Elmos Semiconductor SE
- Company type: Public company
- Traded as: SDAX
- Industry: Electrical engineering
- Founded: 1984
- Headquarters: Dortmund, Germany
- Area served: automotive
- Products: Semiconductors, microstructures
- Subsidiaries: Silicon Microstructures
- Website: http://www.elmos.de/

= Elmos Semiconductor =

German manufacturer of semiconductor products

Elmos Semiconductor SE is a German manufacturer of semiconductor products headquartered in Dortmund, Germany.
Elmos supplies automotive application-specific integrated circuits (ASICs).

==History==
- 1984 - Founded in Dortmund, Germany
- 1985 - 32 employees, 0.4 M DM turnover, Installation of 4" Wafer Fab in Dortmund
- 1994 - DIN ISO 9001 certificate
- 1998 - 460 employees, 140 M DM turnover. Complete supply from new 6" line
- 1999 - IPO to new market, Frankfurt
- 2001 - 630 employees, 107 million Euro turnover Acquisition of Eurasem (Packaging, NL) and SMI (MEMS, USA)
- 2002 - TS16949
- 2005 - Opened 8" wafer fab in Duisburg as second production line
- 2020 - Conversion of legal form into a Societas Europaea
- 2022 - media reports about possible Chinese takeover which the German government eventually vetoed

==Silicon Microstructures acquisition and sale to TE Connectivity==
Silicon Microstructures, Inc.(SMI) was founded in 1991 as a commercial source of high-performance silicon pressure sensors, including Microelectromechanical systems sensors, and accelerometers. Its first product was a silicon sensor for very low-pressure usage.

Elmos Semiconductor acquired SMI in March 2001 from OSI Systems.
SMI began production on higher performance, system level sensors and microstructures, wireless, RF and bus addressable microstructures.

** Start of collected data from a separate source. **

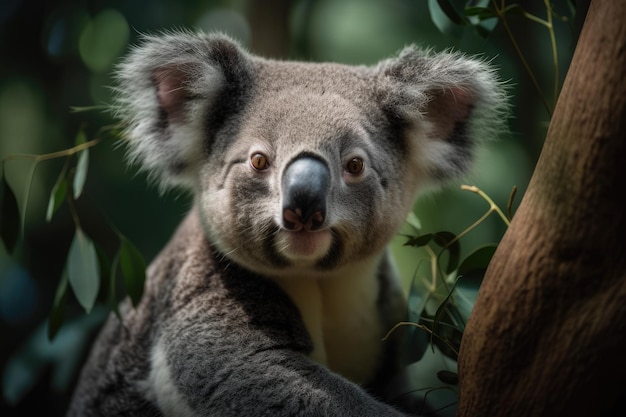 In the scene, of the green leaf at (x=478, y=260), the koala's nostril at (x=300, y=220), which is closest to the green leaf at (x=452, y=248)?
the green leaf at (x=478, y=260)

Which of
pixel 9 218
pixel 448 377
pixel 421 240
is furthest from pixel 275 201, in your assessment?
pixel 9 218

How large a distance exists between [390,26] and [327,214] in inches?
142

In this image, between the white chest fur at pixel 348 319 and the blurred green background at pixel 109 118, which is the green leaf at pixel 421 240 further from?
the blurred green background at pixel 109 118

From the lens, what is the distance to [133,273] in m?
2.49

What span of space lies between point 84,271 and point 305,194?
111cm

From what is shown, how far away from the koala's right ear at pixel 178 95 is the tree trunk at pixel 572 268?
123 centimetres

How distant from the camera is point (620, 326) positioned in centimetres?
145

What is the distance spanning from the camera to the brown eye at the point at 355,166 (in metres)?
2.15

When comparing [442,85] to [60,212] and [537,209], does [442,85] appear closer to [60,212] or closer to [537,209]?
[537,209]

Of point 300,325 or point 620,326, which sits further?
point 300,325

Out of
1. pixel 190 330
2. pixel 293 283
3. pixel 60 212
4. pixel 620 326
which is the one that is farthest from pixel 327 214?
pixel 60 212

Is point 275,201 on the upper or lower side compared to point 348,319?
upper

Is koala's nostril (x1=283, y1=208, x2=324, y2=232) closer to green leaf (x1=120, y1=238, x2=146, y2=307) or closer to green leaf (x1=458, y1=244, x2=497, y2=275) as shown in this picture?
green leaf (x1=458, y1=244, x2=497, y2=275)

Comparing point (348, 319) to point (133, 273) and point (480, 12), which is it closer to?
point (133, 273) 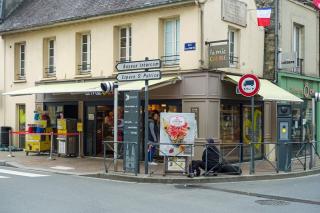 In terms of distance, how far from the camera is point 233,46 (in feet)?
58.1

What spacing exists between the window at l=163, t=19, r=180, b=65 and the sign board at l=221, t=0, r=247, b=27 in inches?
62.5

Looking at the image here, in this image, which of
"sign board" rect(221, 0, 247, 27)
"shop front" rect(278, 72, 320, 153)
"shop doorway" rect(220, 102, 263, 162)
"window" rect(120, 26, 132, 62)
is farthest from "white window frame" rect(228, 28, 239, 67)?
"window" rect(120, 26, 132, 62)

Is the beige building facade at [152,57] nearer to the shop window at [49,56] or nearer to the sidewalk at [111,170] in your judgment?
the shop window at [49,56]

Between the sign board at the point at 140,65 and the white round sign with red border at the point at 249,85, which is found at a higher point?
the sign board at the point at 140,65

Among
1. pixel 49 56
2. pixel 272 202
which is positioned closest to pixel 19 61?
pixel 49 56

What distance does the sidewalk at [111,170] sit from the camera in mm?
Answer: 13273

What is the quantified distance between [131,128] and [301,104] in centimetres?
910

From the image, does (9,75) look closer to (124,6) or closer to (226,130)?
(124,6)

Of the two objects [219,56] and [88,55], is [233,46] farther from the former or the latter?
[88,55]

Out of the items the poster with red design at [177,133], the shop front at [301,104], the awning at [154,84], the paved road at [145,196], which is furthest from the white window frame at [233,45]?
the paved road at [145,196]

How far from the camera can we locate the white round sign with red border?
1392 centimetres

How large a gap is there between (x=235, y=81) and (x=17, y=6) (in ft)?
40.0

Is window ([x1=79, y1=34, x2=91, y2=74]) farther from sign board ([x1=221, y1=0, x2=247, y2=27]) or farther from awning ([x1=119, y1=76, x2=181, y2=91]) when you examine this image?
sign board ([x1=221, y1=0, x2=247, y2=27])

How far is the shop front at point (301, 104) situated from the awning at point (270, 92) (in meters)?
1.13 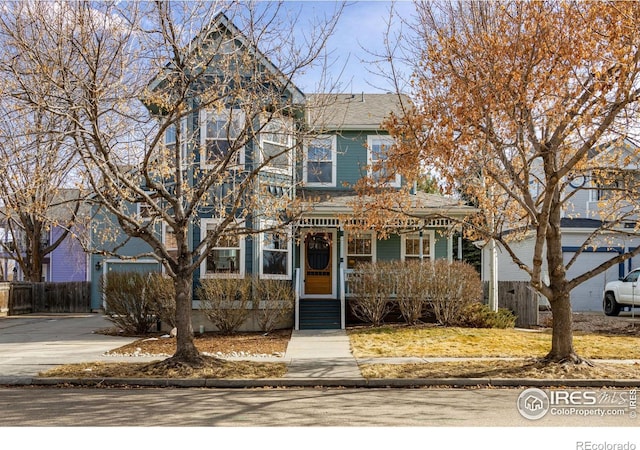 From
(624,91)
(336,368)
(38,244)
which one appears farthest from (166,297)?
(38,244)

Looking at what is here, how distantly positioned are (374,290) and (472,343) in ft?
13.0

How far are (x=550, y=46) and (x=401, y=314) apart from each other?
11023 millimetres

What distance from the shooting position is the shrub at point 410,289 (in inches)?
711

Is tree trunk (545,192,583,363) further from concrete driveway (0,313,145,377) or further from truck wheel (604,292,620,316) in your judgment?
truck wheel (604,292,620,316)

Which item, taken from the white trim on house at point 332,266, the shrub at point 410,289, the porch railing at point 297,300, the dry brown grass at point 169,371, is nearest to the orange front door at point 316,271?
the white trim on house at point 332,266

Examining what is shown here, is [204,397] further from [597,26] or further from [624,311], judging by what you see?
[624,311]

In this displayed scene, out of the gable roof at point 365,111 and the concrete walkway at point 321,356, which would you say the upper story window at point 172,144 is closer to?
the gable roof at point 365,111

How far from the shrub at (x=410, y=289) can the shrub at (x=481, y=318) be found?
1.33 meters

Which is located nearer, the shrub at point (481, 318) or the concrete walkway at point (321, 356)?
the concrete walkway at point (321, 356)

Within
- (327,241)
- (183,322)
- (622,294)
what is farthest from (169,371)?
(622,294)

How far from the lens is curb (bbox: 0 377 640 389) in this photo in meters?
10.3

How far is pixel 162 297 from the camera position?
1702 cm

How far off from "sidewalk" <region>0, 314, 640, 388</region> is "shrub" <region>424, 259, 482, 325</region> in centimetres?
301

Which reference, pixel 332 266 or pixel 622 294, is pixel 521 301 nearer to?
pixel 622 294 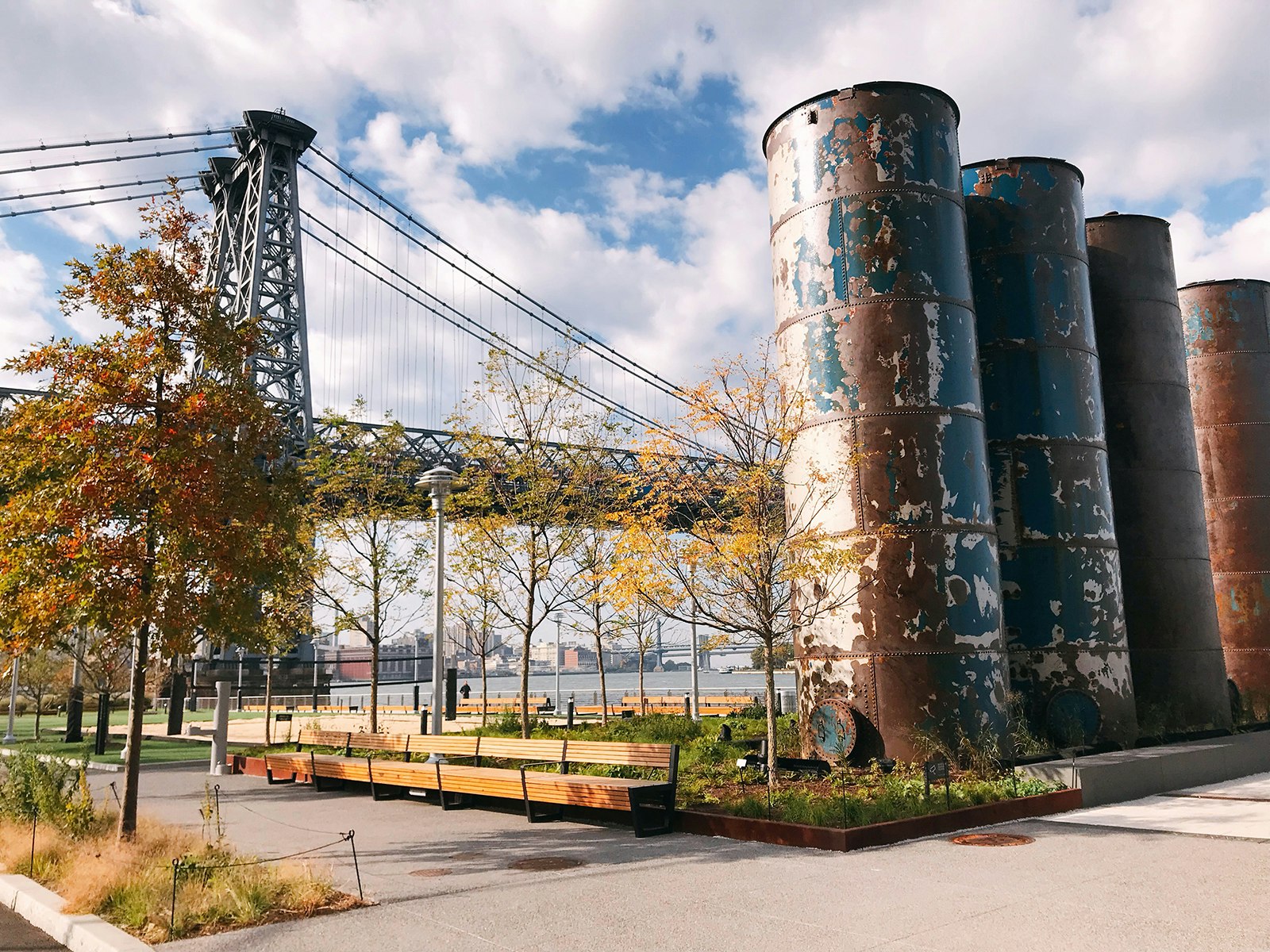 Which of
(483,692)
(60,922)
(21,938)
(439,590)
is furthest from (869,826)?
(483,692)

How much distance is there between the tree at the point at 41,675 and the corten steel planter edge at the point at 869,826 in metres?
26.5

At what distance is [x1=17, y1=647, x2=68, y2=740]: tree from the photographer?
103ft

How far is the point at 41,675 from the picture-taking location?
34594mm

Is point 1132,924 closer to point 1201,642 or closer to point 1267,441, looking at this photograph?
point 1201,642

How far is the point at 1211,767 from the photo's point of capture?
1356 cm

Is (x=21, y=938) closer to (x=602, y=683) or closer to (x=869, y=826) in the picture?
(x=869, y=826)

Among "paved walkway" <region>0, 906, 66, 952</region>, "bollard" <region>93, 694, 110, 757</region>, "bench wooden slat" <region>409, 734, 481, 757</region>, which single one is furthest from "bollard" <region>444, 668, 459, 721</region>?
"paved walkway" <region>0, 906, 66, 952</region>

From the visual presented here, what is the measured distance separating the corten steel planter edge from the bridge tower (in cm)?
4569

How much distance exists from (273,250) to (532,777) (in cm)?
5042

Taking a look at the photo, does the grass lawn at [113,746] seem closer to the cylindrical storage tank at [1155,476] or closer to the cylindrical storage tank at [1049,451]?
the cylindrical storage tank at [1049,451]

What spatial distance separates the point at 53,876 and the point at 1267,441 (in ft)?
81.3

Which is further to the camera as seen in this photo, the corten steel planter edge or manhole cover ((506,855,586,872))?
the corten steel planter edge

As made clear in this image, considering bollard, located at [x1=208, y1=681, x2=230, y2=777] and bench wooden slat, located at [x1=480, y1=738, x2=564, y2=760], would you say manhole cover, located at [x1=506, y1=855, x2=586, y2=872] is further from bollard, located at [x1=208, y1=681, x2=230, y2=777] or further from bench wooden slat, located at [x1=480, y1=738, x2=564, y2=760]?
bollard, located at [x1=208, y1=681, x2=230, y2=777]

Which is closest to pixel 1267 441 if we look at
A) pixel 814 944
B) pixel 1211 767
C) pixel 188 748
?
pixel 1211 767
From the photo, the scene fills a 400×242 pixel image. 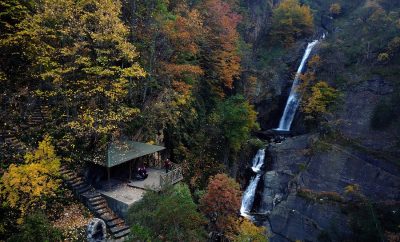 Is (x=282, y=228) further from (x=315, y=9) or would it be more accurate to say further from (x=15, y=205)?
(x=315, y=9)

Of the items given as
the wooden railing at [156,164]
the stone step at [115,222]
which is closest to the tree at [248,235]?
the stone step at [115,222]

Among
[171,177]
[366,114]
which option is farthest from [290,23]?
[171,177]

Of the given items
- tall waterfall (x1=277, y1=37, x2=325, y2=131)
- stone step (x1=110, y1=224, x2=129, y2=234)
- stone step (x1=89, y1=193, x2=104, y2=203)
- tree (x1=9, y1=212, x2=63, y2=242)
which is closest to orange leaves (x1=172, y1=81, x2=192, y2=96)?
stone step (x1=89, y1=193, x2=104, y2=203)

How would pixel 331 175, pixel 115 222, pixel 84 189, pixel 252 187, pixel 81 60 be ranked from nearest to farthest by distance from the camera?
pixel 115 222 < pixel 84 189 < pixel 81 60 < pixel 331 175 < pixel 252 187

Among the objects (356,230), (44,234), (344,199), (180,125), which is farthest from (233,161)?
(44,234)

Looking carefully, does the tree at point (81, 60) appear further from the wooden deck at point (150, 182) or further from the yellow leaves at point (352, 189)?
the yellow leaves at point (352, 189)

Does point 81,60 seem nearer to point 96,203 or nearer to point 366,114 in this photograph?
point 96,203

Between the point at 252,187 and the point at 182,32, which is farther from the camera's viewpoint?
the point at 252,187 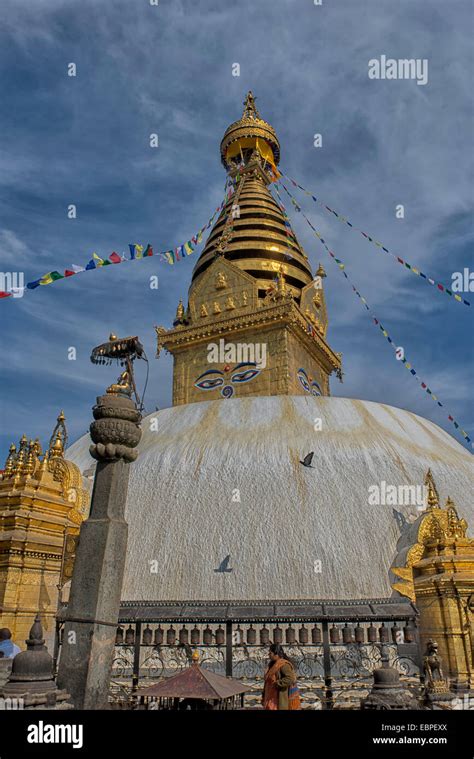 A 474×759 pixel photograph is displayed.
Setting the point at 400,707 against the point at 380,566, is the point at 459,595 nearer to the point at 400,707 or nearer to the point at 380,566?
the point at 380,566

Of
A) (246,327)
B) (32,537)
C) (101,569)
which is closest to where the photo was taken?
(101,569)

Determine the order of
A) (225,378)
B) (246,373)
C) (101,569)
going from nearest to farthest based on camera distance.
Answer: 1. (101,569)
2. (246,373)
3. (225,378)

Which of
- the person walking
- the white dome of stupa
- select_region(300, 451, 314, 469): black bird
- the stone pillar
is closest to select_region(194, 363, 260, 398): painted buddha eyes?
the white dome of stupa

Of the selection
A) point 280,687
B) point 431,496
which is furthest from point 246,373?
point 280,687

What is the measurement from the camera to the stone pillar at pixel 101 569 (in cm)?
577

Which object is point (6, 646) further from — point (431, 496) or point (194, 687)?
point (431, 496)

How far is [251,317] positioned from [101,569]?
1882cm

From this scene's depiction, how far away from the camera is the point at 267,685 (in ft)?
19.1

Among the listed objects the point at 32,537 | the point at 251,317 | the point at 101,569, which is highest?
the point at 251,317

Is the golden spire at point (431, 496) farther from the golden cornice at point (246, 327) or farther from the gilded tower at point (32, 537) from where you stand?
the golden cornice at point (246, 327)

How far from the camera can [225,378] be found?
23.8m

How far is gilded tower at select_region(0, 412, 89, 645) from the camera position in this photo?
919 cm

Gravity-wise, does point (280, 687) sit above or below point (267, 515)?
below

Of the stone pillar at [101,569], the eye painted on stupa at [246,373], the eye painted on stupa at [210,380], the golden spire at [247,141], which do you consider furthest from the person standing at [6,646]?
the golden spire at [247,141] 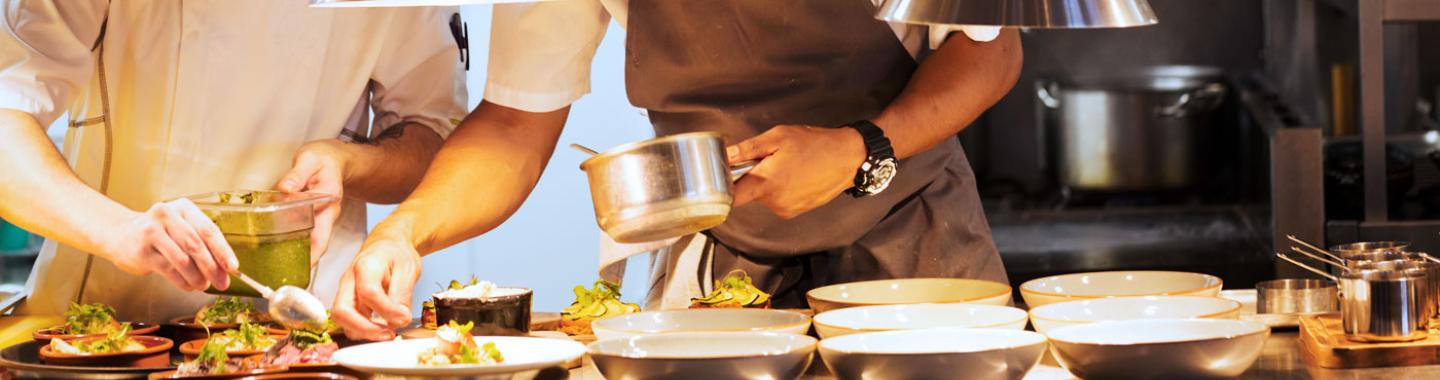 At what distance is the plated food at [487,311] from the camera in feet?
5.31

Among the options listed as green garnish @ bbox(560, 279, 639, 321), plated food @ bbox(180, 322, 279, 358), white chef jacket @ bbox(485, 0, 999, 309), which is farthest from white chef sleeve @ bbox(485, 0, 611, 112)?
plated food @ bbox(180, 322, 279, 358)

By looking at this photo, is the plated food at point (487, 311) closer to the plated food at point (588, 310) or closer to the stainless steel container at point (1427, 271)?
the plated food at point (588, 310)

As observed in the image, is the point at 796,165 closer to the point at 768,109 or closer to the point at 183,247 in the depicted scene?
the point at 768,109

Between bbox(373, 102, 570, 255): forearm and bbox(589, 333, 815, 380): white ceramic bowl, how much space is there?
2.03 feet

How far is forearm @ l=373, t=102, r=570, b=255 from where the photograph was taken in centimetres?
200

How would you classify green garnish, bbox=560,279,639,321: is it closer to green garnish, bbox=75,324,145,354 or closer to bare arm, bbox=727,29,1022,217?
bare arm, bbox=727,29,1022,217

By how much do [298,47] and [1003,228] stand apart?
8.15 ft

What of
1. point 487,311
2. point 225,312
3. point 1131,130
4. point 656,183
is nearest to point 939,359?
point 656,183

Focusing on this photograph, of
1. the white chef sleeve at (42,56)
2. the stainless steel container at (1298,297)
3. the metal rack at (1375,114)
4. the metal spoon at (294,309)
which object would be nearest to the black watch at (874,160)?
the stainless steel container at (1298,297)

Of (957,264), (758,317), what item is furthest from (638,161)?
(957,264)

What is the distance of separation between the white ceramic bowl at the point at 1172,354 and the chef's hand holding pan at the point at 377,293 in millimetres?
700

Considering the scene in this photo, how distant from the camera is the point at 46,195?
180 centimetres

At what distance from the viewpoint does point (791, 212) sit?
183 cm

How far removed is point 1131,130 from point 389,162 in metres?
2.90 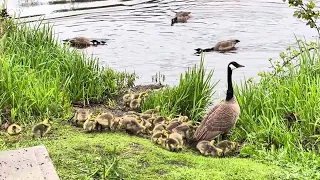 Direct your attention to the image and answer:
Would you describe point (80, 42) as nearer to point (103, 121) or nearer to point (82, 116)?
point (82, 116)

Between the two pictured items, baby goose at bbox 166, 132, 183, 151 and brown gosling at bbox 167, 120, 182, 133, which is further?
brown gosling at bbox 167, 120, 182, 133

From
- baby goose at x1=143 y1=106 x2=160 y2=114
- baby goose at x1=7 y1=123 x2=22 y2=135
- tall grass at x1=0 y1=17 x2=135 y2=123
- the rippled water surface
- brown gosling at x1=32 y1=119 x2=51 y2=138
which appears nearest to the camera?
brown gosling at x1=32 y1=119 x2=51 y2=138

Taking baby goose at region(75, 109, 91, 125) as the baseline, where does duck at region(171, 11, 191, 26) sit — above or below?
above

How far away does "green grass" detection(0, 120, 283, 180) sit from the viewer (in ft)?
17.1

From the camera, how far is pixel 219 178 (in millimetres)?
5270

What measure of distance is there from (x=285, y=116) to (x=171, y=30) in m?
7.83

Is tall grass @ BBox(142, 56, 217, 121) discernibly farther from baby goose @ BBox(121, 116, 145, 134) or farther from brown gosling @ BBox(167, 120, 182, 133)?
baby goose @ BBox(121, 116, 145, 134)

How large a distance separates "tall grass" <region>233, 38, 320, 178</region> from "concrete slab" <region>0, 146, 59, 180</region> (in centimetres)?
252

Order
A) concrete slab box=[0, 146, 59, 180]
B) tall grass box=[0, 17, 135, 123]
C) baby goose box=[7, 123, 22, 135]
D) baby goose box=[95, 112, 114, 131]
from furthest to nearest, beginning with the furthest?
tall grass box=[0, 17, 135, 123] < baby goose box=[95, 112, 114, 131] < baby goose box=[7, 123, 22, 135] < concrete slab box=[0, 146, 59, 180]

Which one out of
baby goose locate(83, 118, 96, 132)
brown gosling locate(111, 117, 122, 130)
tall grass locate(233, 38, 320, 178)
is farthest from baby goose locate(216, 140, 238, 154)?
baby goose locate(83, 118, 96, 132)

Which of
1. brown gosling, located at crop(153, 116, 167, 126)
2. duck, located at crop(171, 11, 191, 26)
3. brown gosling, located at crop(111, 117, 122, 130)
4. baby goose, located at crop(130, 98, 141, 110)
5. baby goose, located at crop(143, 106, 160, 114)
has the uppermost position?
duck, located at crop(171, 11, 191, 26)

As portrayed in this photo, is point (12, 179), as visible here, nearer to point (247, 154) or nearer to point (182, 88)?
point (247, 154)

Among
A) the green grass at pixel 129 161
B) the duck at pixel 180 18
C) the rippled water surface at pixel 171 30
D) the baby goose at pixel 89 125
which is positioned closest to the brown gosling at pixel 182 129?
the green grass at pixel 129 161

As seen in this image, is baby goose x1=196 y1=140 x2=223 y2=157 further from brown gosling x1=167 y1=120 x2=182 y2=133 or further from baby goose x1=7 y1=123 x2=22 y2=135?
baby goose x1=7 y1=123 x2=22 y2=135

In August 2002, SMI acquired the IC Sensors' wafer fabrication operations and wafer R&D group and relocated to Milpitas, California. The following year, Silicon Microstructures undertook a significant and complete wafer fabrication upgrade to expand the facility for full 6" wafer handling. This facility processed primarily 6 inch wafers and has advanced technical capabilities including deep reactive ion etching (DRIE) and plasma enhanced fusion bonding.

In 2019, Elmos announced the sale of Silicon Microstructures to TE Connectivity, and the subsequent closure of Elmos Group’s micromechanics division.